I lived as a banker trying to make a living with a big bank which was constrained by Glass-Steagall. The legislation dated back to the post-depression years and really were badly out of date. Yes, the elimination of Glass-Steagall permitted commercial banks to compete in businesses otherwise prohibited, like stock brokerage, securities trading, etc. But even with the elimination of the "protections" provided by G-S, the big banks are still heavily regulated by the Federal Reserve.

The end result, even until today, is that very few, if any, of the big commercial banks have failed as the result of the new businesses which were permitted by GLBA. Lehman, Bear Stearns, Merril, etc. all failed or had to be taken over. But they were investment banks and never were regulated. Washington Mutual is thought of many as a "bank", but really is a savings and loan association and not regulated in the same way as the commercial banks.

I'd disagree, Steve. The enactment of GLBA in 1999 has had more of a favorable effect on our banking system than negative. If you'll notice, none of the big commercial banks are reported to be participating in the proposed bailout as the result. In fact my former bank, JPMorgan Chase, is strong enough to have purchased both Bear Stearns and WaMu (at a deep discount, of course), thereby avoiding the need for the Fed or FDIC to take them over and liquidate them.
However, the number of banking mergers and acquisitions during the past few years have been very surprising. Mergers and acquisitions occur for a number of reasons, but so many large banks have been merged, indicating that the main reason is not the classical "elimination of competition," but pyramiding upward was happening (which eventually runs out).

The "big fish swallowing distressed littler fish" seems to have been the M&A policy, and we're now running out of "big fish" to do the eating. WaMu is a good example, as not that long ago one of the others (BankAmerica, Wachovia, Citicorp, etc.) would have acquired WaMu, another logo change would have happened, and the signmakers and business-card printers would have had a happy time.
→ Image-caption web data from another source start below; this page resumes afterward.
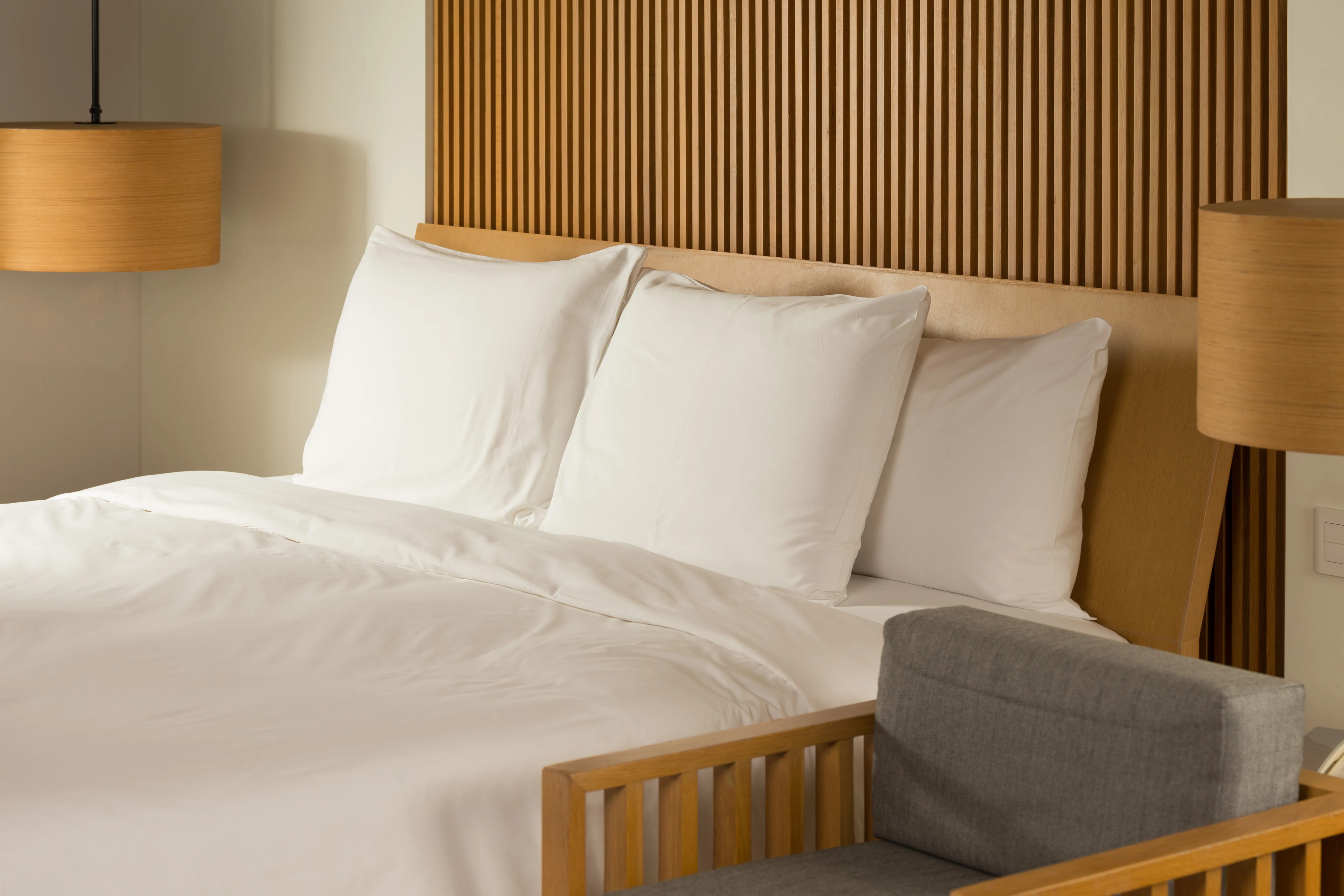 Elegant hotel room with a cozy, well-made bed
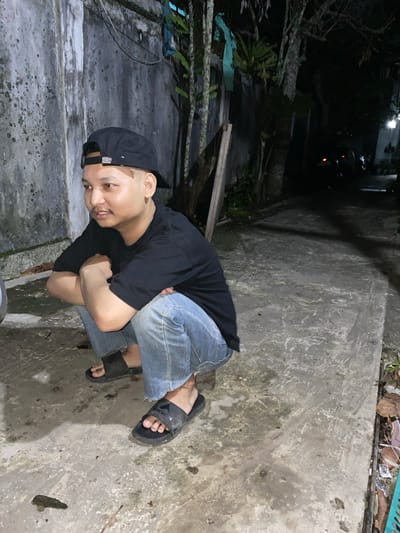 A young man wearing a black t-shirt, blue jeans, a black baseball cap, and black slides is crouching on a concrete walkway. The walkway is gritty and has some debris on it, including leaves and what appears to be a small piece of wood. To the left of the man is a rough, weathered concrete wall. To his right, the walkway extends into a darker area with trees and foliage. In the background, a car with its headlights on is visible on a darker path, suggesting this is an outdoor urban setting. The lighting suggests it is nighttime or early evening. The overall scene conveys a casual, possibly outdoor waiting or resting scenario. The location appears to be a residential or less-trafficked area within Banjarmasin, Indonesia, given the tropical vegetation and the style of the wall and walkway.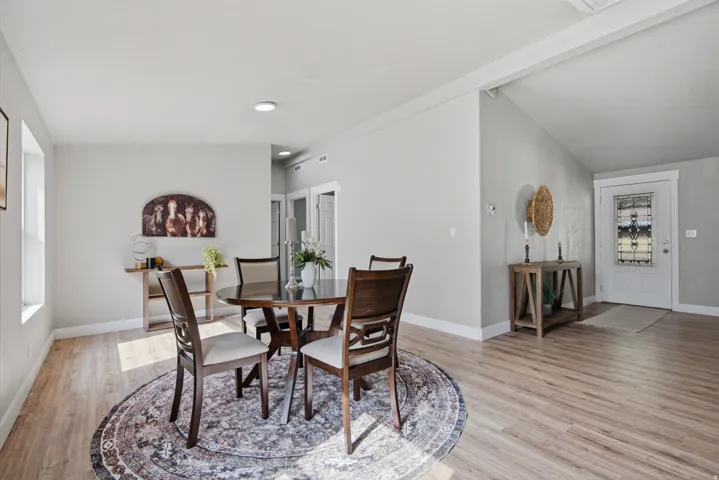 Spacious dining area featuring wood-finish flooring, recessed lighting, and an entryway with a decorative glass door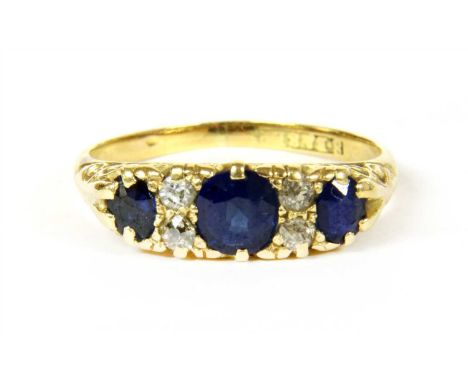 A three stone sapphire ring, the central round faceted sapphire flanked on each side by a column of two round faceted diamond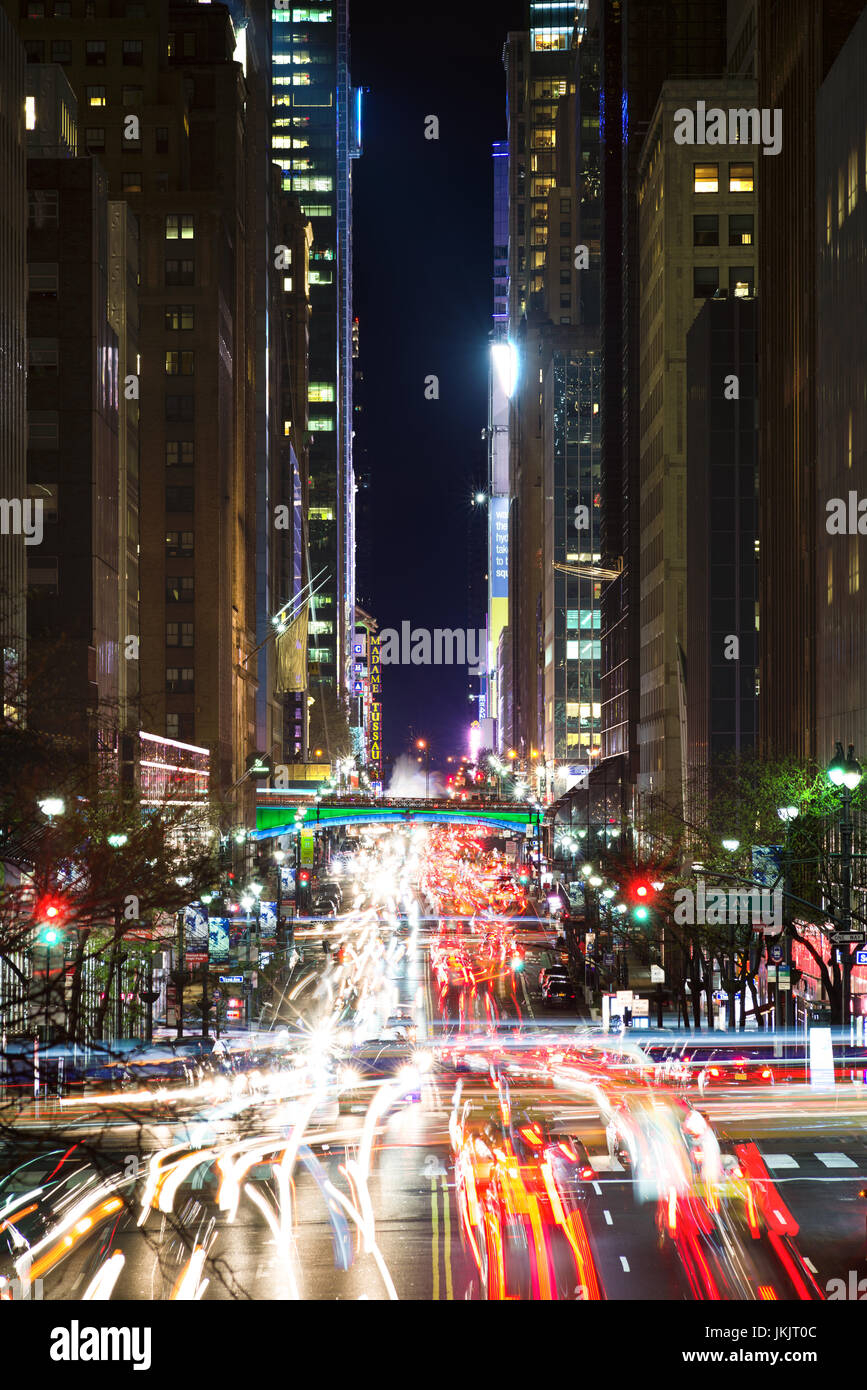 Long Exposure View Down East 42nd Street At Night With Park Avenue Viaduct, Pershing Square Plaza And Grand Central Terminal, New York Stock Photo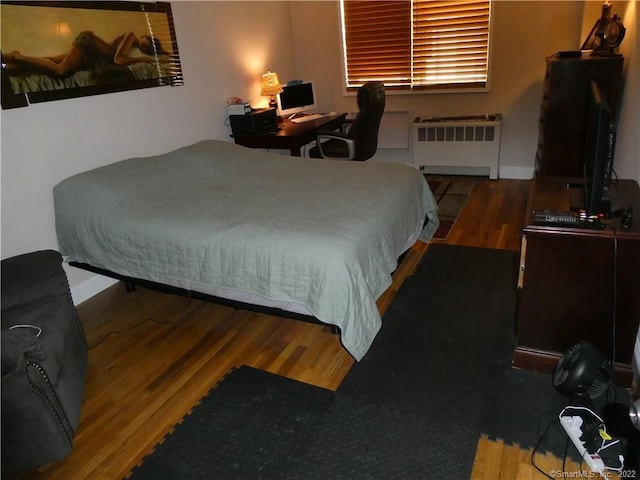 125 Prospect St Unit 3C, Stamford, CT 06901 - bedroom with radiator heating unit and wood finished floors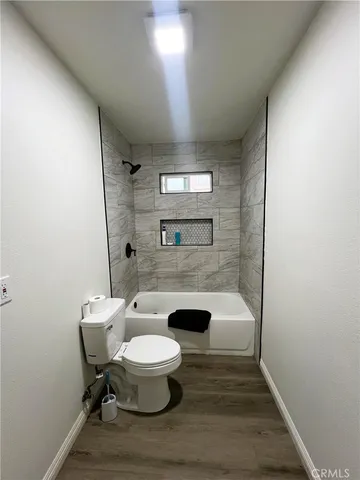 a bathroom with a sink a toilet a mirror and shower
Glass-Steagall may have been tight handcuffs, but it matched the philosophy that 95% of people don't need laws over them, but that 5% need all the controls in the world. GLBA worked fine for probably that 95% of the industry population which didn't try to scam the system. However, that 5% has hurt everyone.

WaMu is now toast. Wachovia is looking for a dance partner. And who is going to be next?

GLBA brought a lot of activity in that industry, but the loopholes in it were definitely exploited. So, any bailout without closure of those loopholes is a recipe for a repeat bailout need sometime later on.